■ **RECORDS PROVIDED**
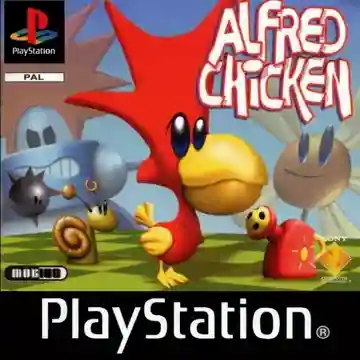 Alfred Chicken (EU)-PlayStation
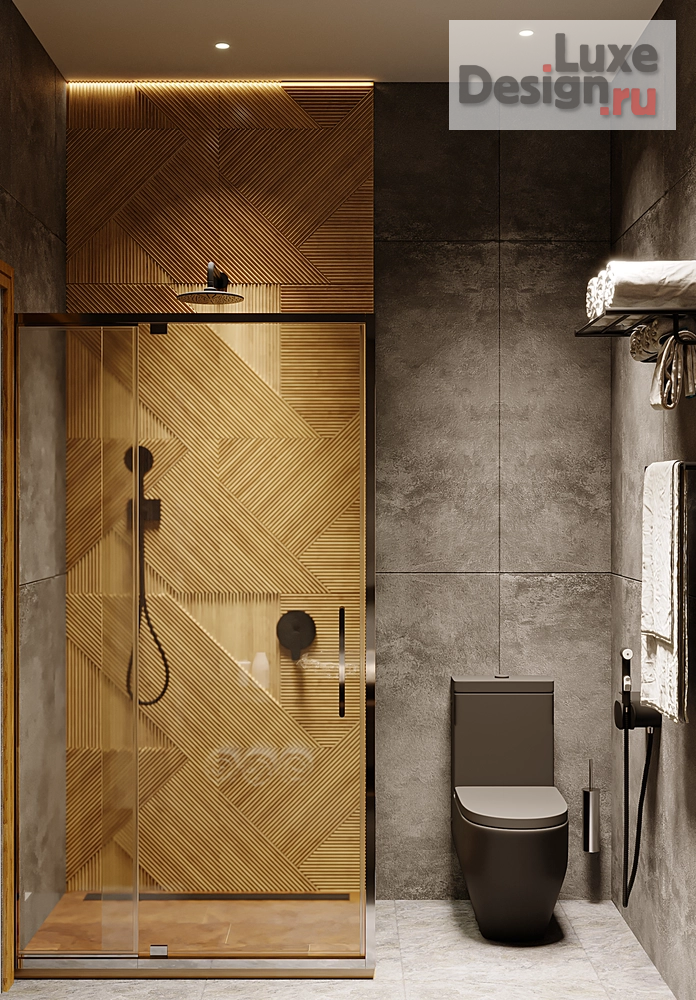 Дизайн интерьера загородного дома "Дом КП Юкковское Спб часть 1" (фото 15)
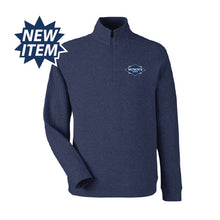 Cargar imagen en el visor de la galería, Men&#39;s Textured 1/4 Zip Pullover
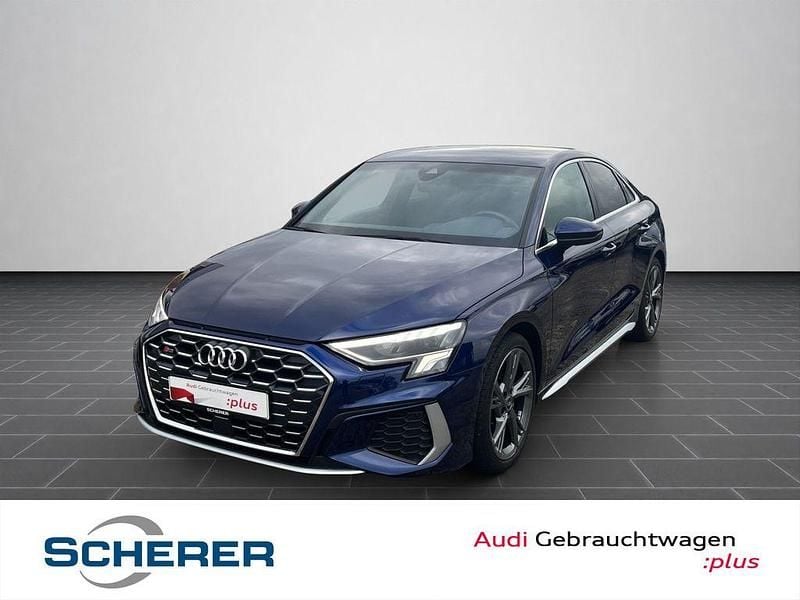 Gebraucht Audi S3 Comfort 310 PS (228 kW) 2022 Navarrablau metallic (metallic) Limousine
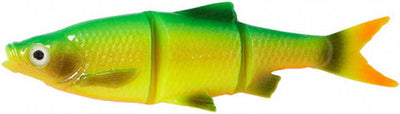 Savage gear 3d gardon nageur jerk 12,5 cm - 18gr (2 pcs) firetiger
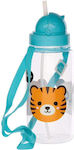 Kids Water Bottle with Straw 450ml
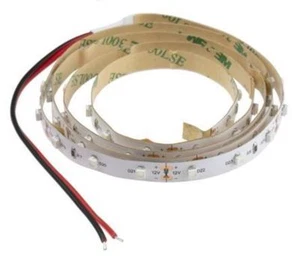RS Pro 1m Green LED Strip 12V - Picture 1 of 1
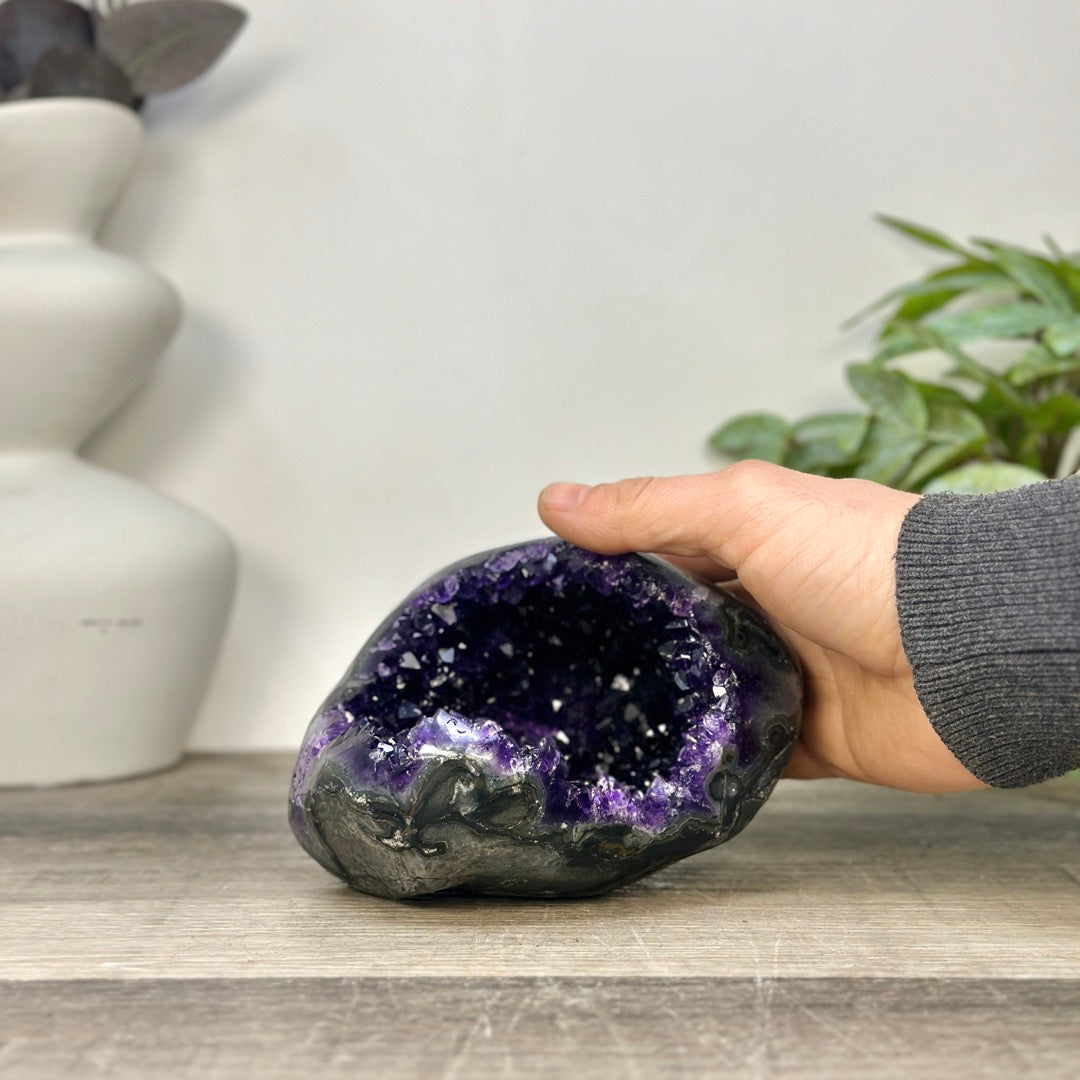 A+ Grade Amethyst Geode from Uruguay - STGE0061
==
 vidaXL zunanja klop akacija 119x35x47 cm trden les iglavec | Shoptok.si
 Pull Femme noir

■ **WHAT TO WORK ON**
Retype, exactly and with no pictures, everything above from the line with "Alfred Chicken (EU)-PlayStation" down to the line with "A+ Grade Amethyst", both included.

■ **EXPECTED ANSWER**
 Alfred Chicken (EU)-PlayStation
 Дизайн интерьера загородного дома "Дом КП Юкковское Спб часть 1" (фото 15)
 Cargar imagen en el visor de la galería, Men&#39;s Textured 1/4 Zip Pullover
 Gebraucht Audi S3 Comfort 310 PS (228 kW) 2022 Navarrablau metallic (metallic) Limousine
 Savage gear 3d gardon nageur jerk 12,5 cm - 18gr (2 pcs) firetiger
 Kids Water Bottle with Straw 450ml
RS Pro 1m Green LED Strip 12V - Picture 1 of 1
 A+ Grade Amethyst Geode from Uruguay - STGE0061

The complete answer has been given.